There are a handful of reasons you might need to save a photo as a PDF on iPhone: a recruiter's portal that only accepts PDFs, a form that wants supporting documents, an email recipient who specifically asked for a PDF rather than an image. Whatever the reason, you do not need to install an app. Here are four ways to do it, from quickest to most flexible.
Method 1: Share sheet, "Save to Files as PDF" (fastest, iOS 16+)
In iOS 16 and later, some apps add a Save to Files as PDF action directly to the share sheet, meaning you can go from photo to PDF in two taps.
- Open the photo in the Photos app.
- Tap the Share button (box with upward arrow).
- Scroll down the share sheet and look for Save to Files as PDF or Create PDF. If you see it, tap it.
- Choose where to save (iCloud Drive or On My iPhone) and tap Add.
If the option does not appear in your share sheet, it may have been hidden.
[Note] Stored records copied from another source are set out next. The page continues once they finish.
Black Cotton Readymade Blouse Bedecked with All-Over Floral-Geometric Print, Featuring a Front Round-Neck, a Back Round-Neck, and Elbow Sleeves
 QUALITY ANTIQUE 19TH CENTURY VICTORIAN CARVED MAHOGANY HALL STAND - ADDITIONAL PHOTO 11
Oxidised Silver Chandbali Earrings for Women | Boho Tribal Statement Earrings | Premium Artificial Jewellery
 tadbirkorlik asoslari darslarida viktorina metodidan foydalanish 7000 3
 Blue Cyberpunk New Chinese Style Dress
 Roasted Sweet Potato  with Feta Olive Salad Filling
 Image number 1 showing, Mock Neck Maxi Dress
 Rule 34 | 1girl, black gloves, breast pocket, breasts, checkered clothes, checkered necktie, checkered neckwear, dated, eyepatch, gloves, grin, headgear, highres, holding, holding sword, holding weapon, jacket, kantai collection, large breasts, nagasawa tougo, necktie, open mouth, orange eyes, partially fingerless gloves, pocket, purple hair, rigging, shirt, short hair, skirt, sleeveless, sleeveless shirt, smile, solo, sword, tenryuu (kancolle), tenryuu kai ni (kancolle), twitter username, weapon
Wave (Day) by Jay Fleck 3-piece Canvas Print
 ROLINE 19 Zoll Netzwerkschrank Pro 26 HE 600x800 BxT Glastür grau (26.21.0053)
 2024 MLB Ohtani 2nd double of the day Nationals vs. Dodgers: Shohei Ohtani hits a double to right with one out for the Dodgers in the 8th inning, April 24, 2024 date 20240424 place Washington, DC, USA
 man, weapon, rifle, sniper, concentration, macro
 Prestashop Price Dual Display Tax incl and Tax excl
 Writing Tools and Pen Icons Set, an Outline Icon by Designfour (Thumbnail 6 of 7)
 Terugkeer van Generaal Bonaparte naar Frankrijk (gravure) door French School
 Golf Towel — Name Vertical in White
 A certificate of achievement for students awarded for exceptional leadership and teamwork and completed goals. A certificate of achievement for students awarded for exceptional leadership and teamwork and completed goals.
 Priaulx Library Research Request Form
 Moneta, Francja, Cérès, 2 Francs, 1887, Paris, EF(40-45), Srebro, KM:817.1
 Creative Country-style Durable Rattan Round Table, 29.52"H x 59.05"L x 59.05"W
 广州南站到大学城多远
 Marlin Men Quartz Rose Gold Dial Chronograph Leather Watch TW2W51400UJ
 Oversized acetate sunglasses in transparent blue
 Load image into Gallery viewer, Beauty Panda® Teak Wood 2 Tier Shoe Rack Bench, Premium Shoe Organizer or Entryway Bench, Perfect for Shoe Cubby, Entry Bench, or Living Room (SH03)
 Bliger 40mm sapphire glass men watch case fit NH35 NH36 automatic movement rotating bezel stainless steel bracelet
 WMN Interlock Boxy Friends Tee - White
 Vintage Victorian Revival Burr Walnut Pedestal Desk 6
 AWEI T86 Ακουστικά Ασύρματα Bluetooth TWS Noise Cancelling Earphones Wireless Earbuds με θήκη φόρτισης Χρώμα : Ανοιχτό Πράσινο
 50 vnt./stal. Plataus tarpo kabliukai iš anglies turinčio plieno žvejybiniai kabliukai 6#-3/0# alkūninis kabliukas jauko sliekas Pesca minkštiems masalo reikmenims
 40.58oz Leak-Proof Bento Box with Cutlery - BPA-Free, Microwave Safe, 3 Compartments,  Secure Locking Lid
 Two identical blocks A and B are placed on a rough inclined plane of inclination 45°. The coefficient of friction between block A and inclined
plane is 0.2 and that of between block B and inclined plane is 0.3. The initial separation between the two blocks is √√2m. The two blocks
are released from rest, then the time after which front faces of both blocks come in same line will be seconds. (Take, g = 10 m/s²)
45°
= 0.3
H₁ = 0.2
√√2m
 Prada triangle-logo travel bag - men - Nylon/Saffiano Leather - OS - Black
Scroll to the bottom of the share sheet actions, tap Edit Actions, and check whether "Create PDF" is in the inactive list, if it is, tap the green + to add it to the visible list.
Method 2: Print to PDF, the classic trick (works on all iPhones)
This method has worked on every iPhone since iOS 10 and is the universal fallback. It uses the print system as a PDF generator.
- Open the photo in Photos.
- Tap Share, then tap Print.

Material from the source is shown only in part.